[WHAT IS NEEDED] Each entry should be duplicated verbatim; its pictures should not be.

[INFORMATION PROVIDED]
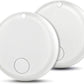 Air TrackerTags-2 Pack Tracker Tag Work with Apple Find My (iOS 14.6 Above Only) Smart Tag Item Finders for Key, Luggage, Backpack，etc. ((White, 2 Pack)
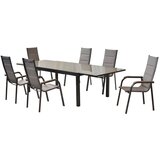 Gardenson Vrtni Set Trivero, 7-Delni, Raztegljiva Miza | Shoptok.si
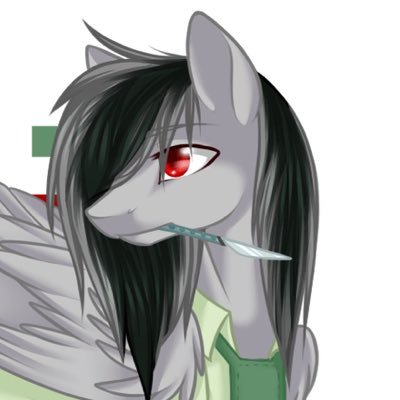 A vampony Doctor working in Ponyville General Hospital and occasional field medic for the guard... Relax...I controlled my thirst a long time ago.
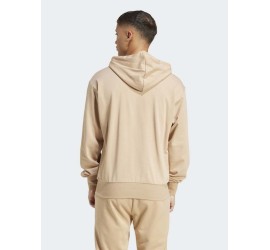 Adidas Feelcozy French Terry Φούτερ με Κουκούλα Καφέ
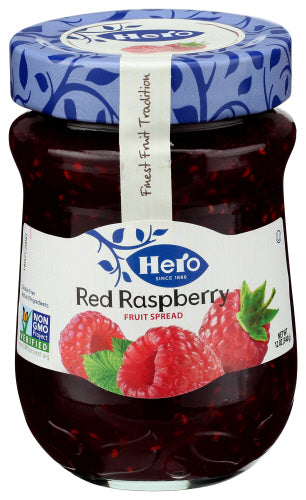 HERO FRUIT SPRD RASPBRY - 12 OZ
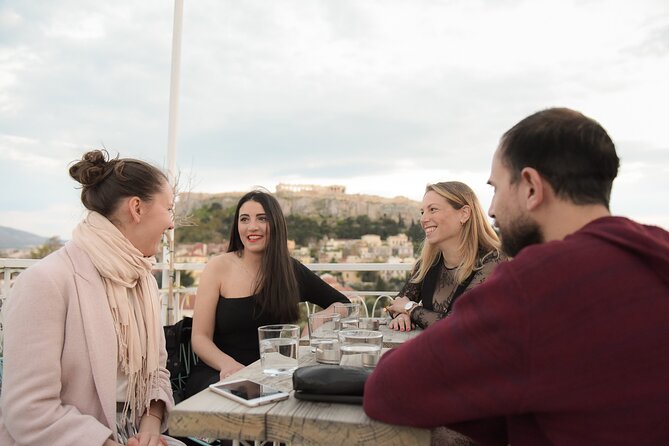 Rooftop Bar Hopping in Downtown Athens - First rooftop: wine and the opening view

[COMPLETED EXERCISE]
 Air TrackerTags-2 Pack Tracker Tag Work with Apple Find My (iOS 14.6 Above Only) Smart Tag Item Finders for Key, Luggage, Backpack，etc. ((White, 2 Pack)
 Gardenson Vrtni Set Trivero, 7-Delni, Raztegljiva Miza | Shoptok.si
 A vampony Doctor working in Ponyville General Hospital and occasional field medic for the guard... Relax...I controlled my thirst a long time ago.
 Adidas Feelcozy French Terry Φούτερ με Κουκούλα Καφέ
 HERO FRUIT SPRD RASPBRY - 12 OZ
 Rooftop Bar Hopping in Downtown Athens - First rooftop: wine and the opening view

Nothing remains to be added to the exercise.